_Data provided:_

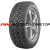 Ikon Tyres 225/50R17 98T XL Nordman 8 TL (шип.)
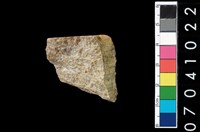 藏品(玉錛)的圖片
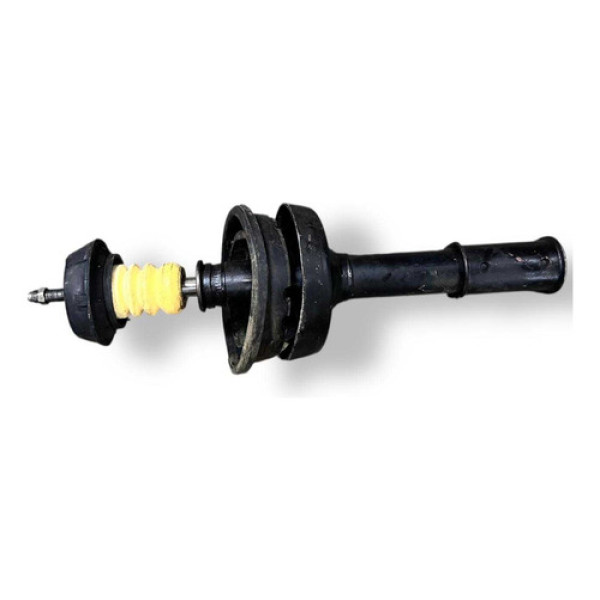 Amortecedor Dianteiro Direito Renault Clio Sedan 2005 2006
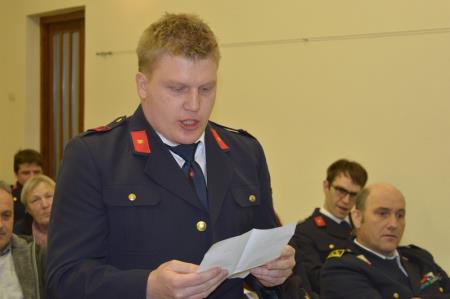 OBČNI ZBOR PGD LOG POD MANGARTOM 6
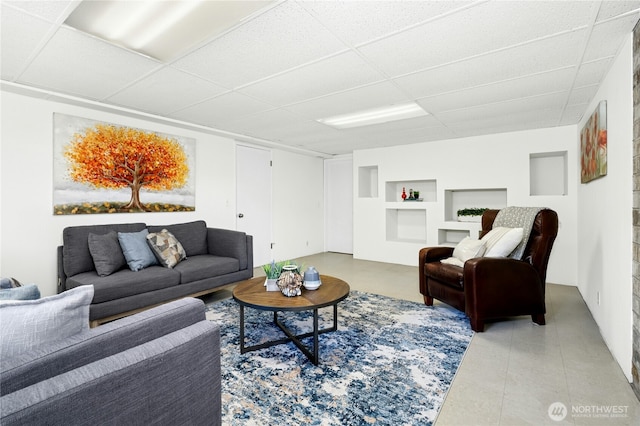 4432 S Kenyon St, Seattle, WA 98118 - photo 28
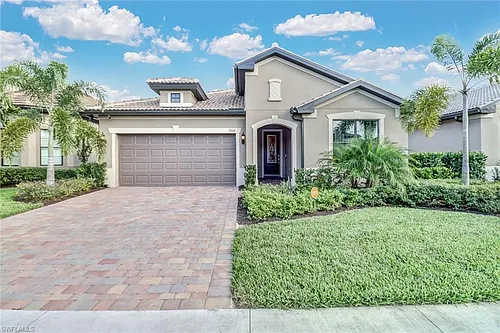 7567 Winding Cypress Dr Photo 1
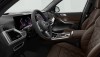 BMW X7 xDrive40d
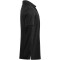 CUTTER & BUCK Kelowna Poloshirt Kinder 99 - black 122/128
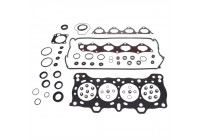 Packningssats, topplock ADH26230 Blue Print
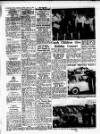 Coventry Evening Telegraph Monday 12 August 1963 Page 8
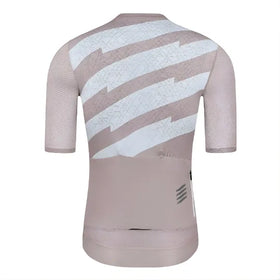 Skull Monton Holiday III Jersey-Lotus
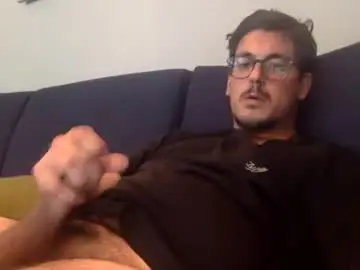 Chaturbate Best live sex cam show of johnkennedy22222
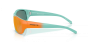 ARNETTE AN4290 30226Q 63 UKA-UKA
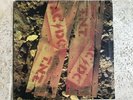 AC/DC  TNT Australian Version  BLUE Label Alloa-016 1975 Very Good Condition
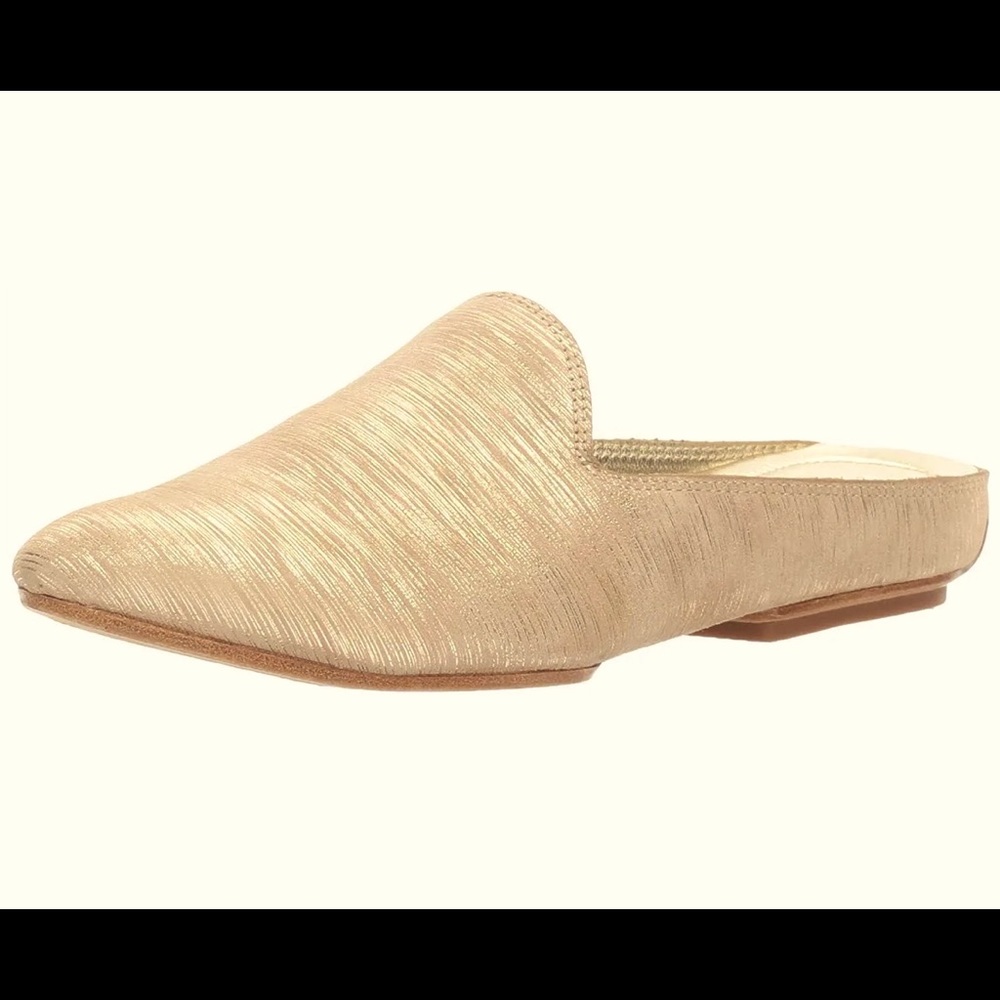 Donald J Pliner Women’s Rue Mule Sz. 8.5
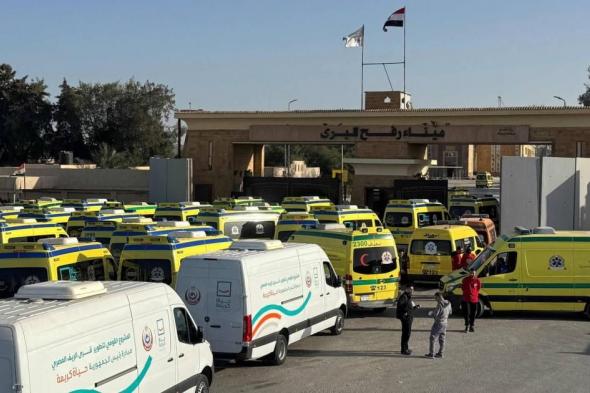 واشنطن
تطلب
من
رعاياها
عدم
السفر
لغزة
بعد
إعادة
فتح
معبر
رفح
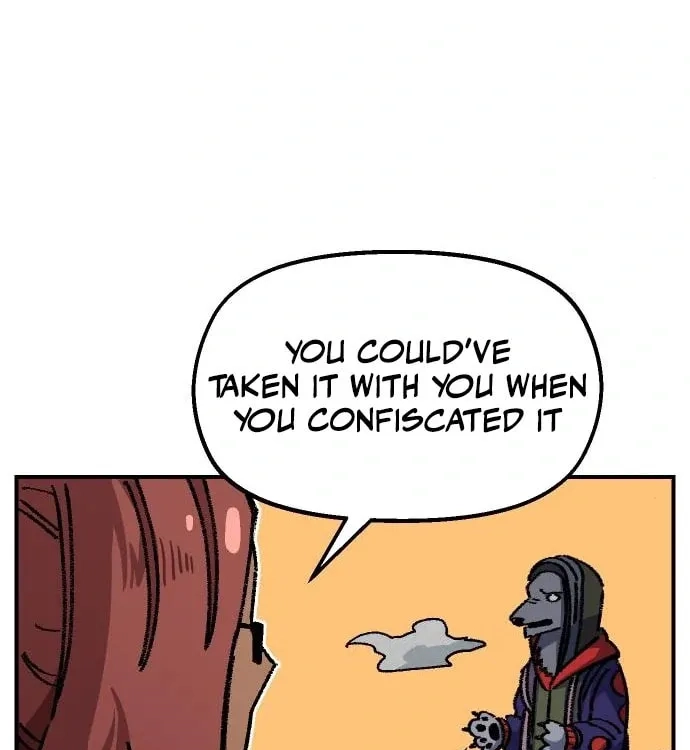 Reincarnation of the Veteran Soldier Chapter 47 Page 61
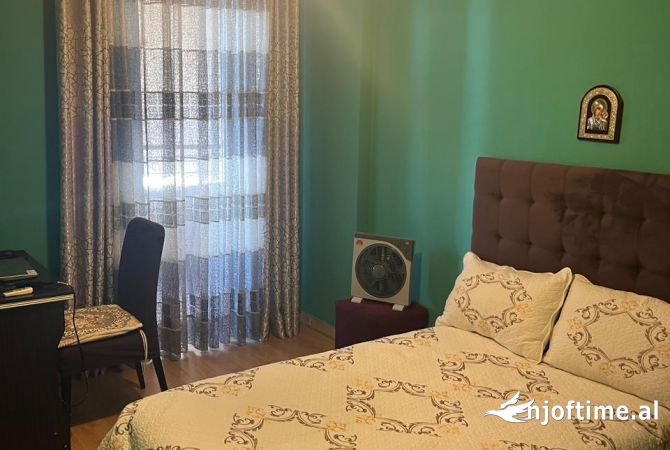 Shtepi ne shitje 3+1 ne Tirane - 180,000 Euro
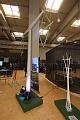 D-G2027-IMG_3041-F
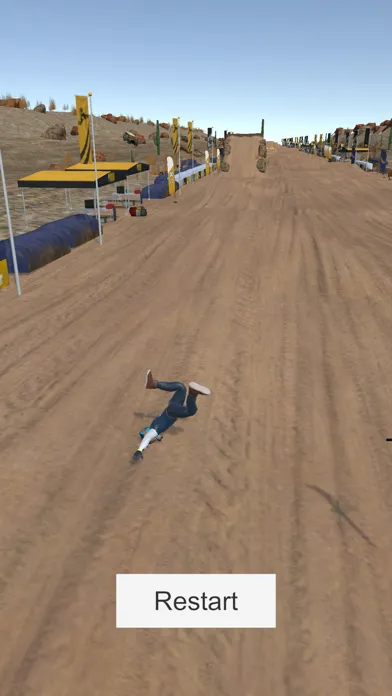 تصاویر Dirt Motocross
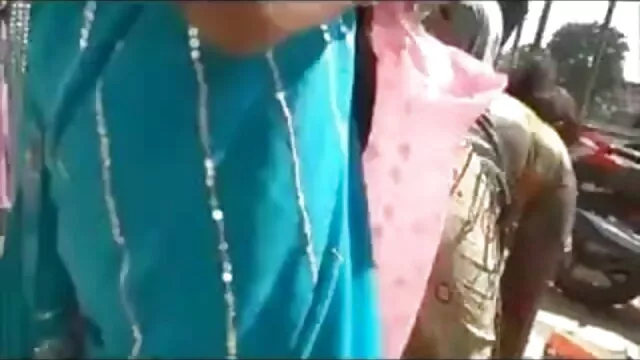పోర్న్ బలవంతంగా ఒక తెలిసిన తెలుగు వీడియో బి ఎఫ్ సెక్స్ చికెన్ బలవంతంగా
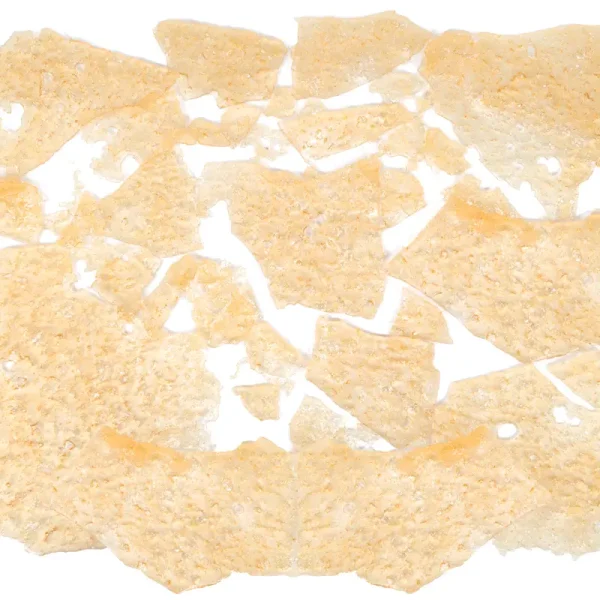 Pink-Diesel-Shatter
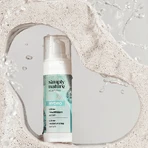 Clochee Simply Nature Hydro, ультраувлажняющая сыворотка, 30 мл: цены и характеристики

_To do:_ For this exercise, copy the entries above exactly and skip any picture.

_Output of the task:_
 Ikon Tyres 225/50R17 98T XL Nordman 8 TL (шип.)
 藏品(玉錛)的圖片
 Amortecedor Dianteiro Direito Renault Clio Sedan 2005 2006
 OBČNI ZBOR PGD LOG POD MANGARTOM 6
 4432 S Kenyon St, Seattle, WA 98118 - photo 28
 7567 Winding Cypress Dr Photo 1
 BMW X7 xDrive40d
 CUTTER & BUCK Kelowna Poloshirt Kinder 99 - black 122/128
 Packningssats, topplock ADH26230 Blue Print
 Coventry Evening Telegraph Monday 12 August 1963 Page 8
 Skull Monton Holiday III Jersey-Lotus
 Chaturbate Best live sex cam show of johnkennedy22222
 ARNETTE AN4290 30226Q 63 UKA-UKA
 AC/DC  TNT Australian Version  BLUE Label Alloa-016 1975 Very Good Condition
 Donald J Pliner Women’s Rue Mule Sz. 8.5
 واشنطن
تطلب
من
رعاياها
عدم
السفر
لغزة
بعد
إعادة
فتح
معبر
رفح
 Reincarnation of the Veteran Soldier Chapter 47 Page 61
 Shtepi ne shitje 3+1 ne Tirane - 180,000 Euro
 D-G2027-IMG_3041-F
 تصاویر Dirt Motocross
పోర్న్ బలవంతంగా ఒక తెలిసిన తెలుగు వీడియో బి ఎఫ్ సెక్స్ చికెన్ బలవంతంగా
 Pink-Diesel-Shatter
 Clochee Simply Nature Hydro, ультраувлажняющая сыворотка, 30 мл: цены и характеристики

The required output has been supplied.